После захода солнца они с Али двинулись как можно быстрее, насколько позволяли их раны, в сторону горы.
2В школе мы слышали, как по мужчинам стреляли из автоматов. Длинные очереди звучали около часа. Некоторые стоявшие у окна женщины утверждали, что видят клубы пыли за школой. Когда стало тихо, боевики переключились на нас, женщин и детей, – все, что осталось от Кочо. Мы были в панике, но старались не издавать шума, не желая сердить боевиков. «Дом моего отца разрушен», – прошептала мама, по-прежнему сидя на полу. Эта поговорка означает самое худшее, что может случиться, – что мы потеряли все. В голосе мамы не осталось никакой надежды. Я подумала, что она, наверное, все-таки видела, как Элиаса с Масудом заталкивают в грузовик.
Один из боевиков приказал нам спускаться, и мы последовали за ним. Внизу единственными мужчинами оставались игиловцы. Еще там был двенадцатилетний мальчик Нури, довольно высокий для своего возраста. Его вместе со старшим братом Амином отвезли ко рву и поставили вместе с мужчинами. Потом боевики приказали ему показать подмышки и увидели, что на них нет волос. «Он еще мальчишка, – отвезите его обратно», – приказал командир. В школе мальчика окружили его обеспокоенные тетки.
На лестнице Катрин нагнулась и подняла пачку американских долларов – по виду около сотни. Наверное, они вывалились у кого-то из сумки. Она держала деньги в руках и не знала, что делать.
– Оставь себе, – сказала я ей. – Спрячь. Мы и так отдали им все.
Но Катрин боялась оставить деньги и думала, что если показать боевикам, какая она послушная, то, возможно, они сжалятся над ней и ее родными.

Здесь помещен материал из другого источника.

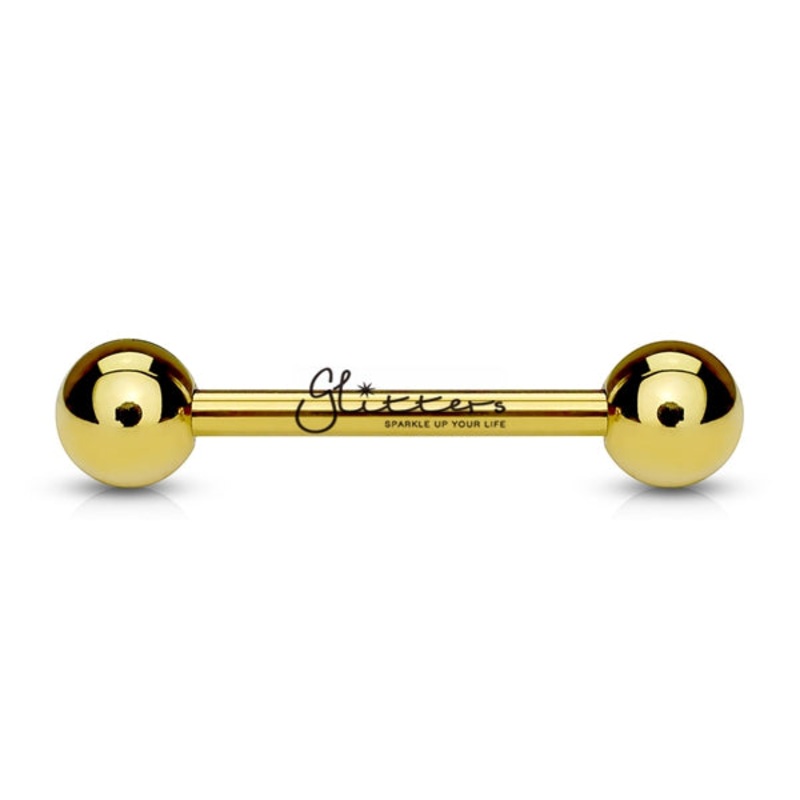 18K Gold I.P Over 316L Surgical Steel Barbells – Tongue | Nipple 12mm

– Может, если дать им денег, они не сделают с нами ничего плохого, – пробормотала она и отдала деньги ближайшему боевику, который взял их, не сказав ни слова.
«Дом моего отца разрушен», – прошептала мама, по-прежнему сидя на полу. Эта поговорка означает самое худшее, что может случиться.

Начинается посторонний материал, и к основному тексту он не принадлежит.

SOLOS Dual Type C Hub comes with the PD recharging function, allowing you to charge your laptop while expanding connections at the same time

Когда мы увидели, что к школьным воротам вернулись грузовики, мы перестали оплакивать мужчин и заплакали над своей судьбой. Боевики разбивали нас на группы, но все равно начался беспорядок. Никто не хотел расставаться с сестрой или с матерью, и мы постоянно спрашивали: «Что вы сделали с нашими мужчинами? Куда вы нас везете?» Боевики не обращали внимания на наши вопросы и тащили за руки к кузову.

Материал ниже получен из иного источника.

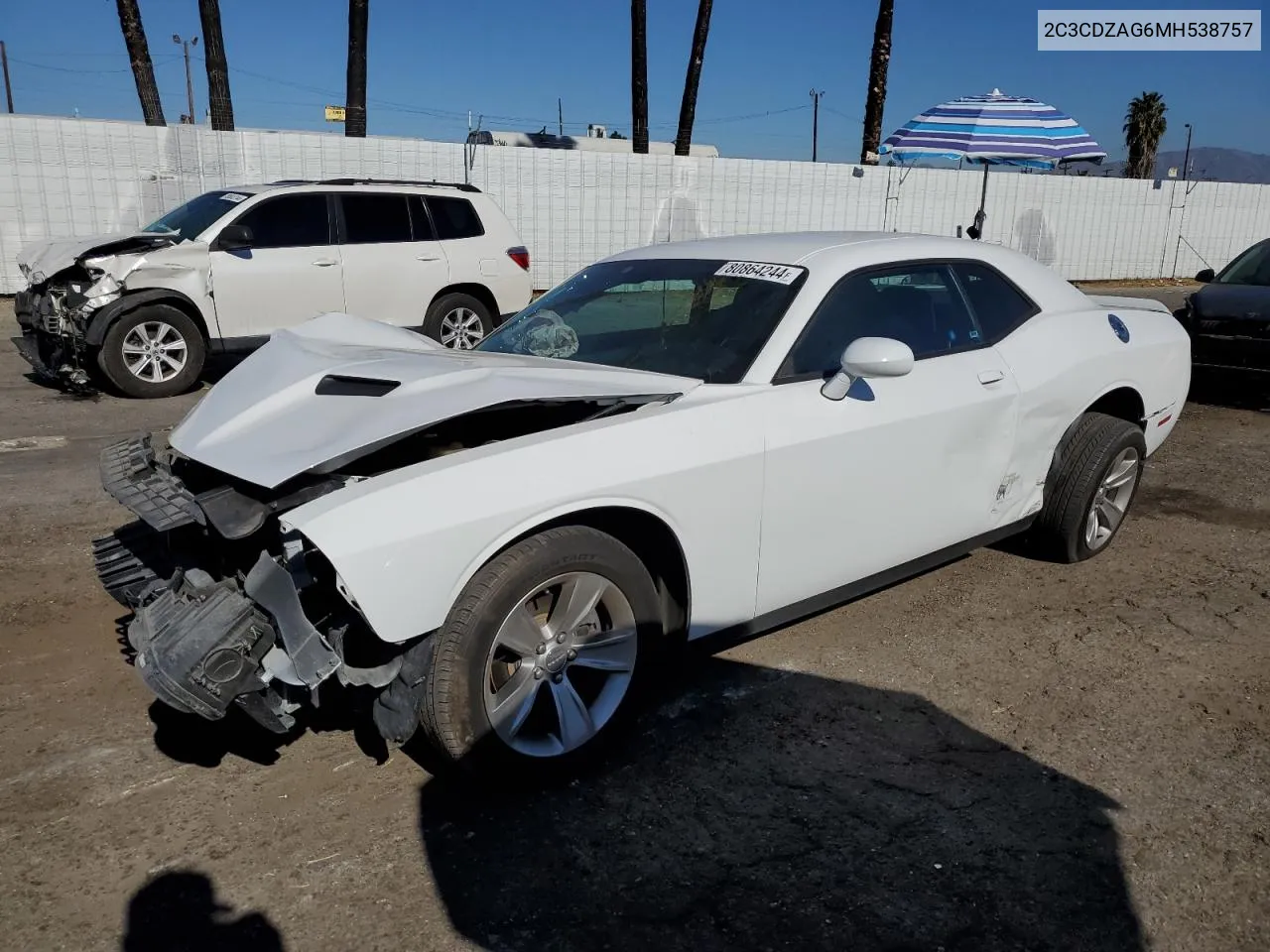 2021 Dodge Challenger Sxt VIN: 2C3CDZAG6MH538757 Lot: 80864244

Я старалась держаться рядом с Катрин, но нас все равно разлучили. Вместе с Дималь и еще шестнадцатью или семнадцатью девушками я оказалась в первом грузовике с открытым кузовом, похожем на пикап, в котором я так любила кататься. Я села позади, а Дималь затолкали в самый угол впереди, где она сидела с другими женщинами и детьми, смотря в пол. Мы почти тут же поехали, и я не видела, что случилось с остальными.
Водитель промчался по узким и пустынным улочкам Кочо, подскакивая на неровной дороге. Он вел машину так, будто очень сердился и куда-то спешил; на каждой кочке мы подпрыгивали и валились друг на друга или так сильно ударялись о железные борта, что я боялась сломать спину. Полчаса спустя он замедлил ход, и мы оказались на окраине города Синджар, где немного вздохнули с облегчением.
К тому времени в городе Синджар оставались только мусульмане-сунниты, и я удивилась, что жизнь тут идет, как обычно. Женщины покупали продукты на рынках, а их мужья сидели в чайных и курили сигареты. Таксисты проезжали мимо обочин в поисках пассажиров, а крестьяне гнали овец на пастбища. Впереди и позади нас ехали обычные машины, водители которых едва удостаивали взглядом грузовики, полные женщин и детей. Мы плакали, цеплялись друг за друга и совсем не выглядели обычными пассажирами. Так почему же никто не помогает нам?
Я старалась не терять надежды. Город выглядел знакомым, и это меня успокаивало. Я узнавала некоторые улицы с магазинами и ресторанами, где продавались аппетитные сэндвичи, автозаправки и ларьки, заполненные разноцветными фруктами. Может, боевики не врали, и они на самом деле хотели избавиться от нас, высадив у подножия горы, чтобы мы сами, как знаем, добирались до вершины? Условия там очень суровые. Может, по их мнению, это то же самое, что смертный приговор? Я очень надеялась на это. Наши дома и так захвачены, а мужчины убиты, но по крайней мере на вершине горы мы будем с другими езидами. Мы найдем Хезни и будем оплакивать погибших. Через некоторое время мы постараемся собрать остатки нашей общины и станем жить дальше.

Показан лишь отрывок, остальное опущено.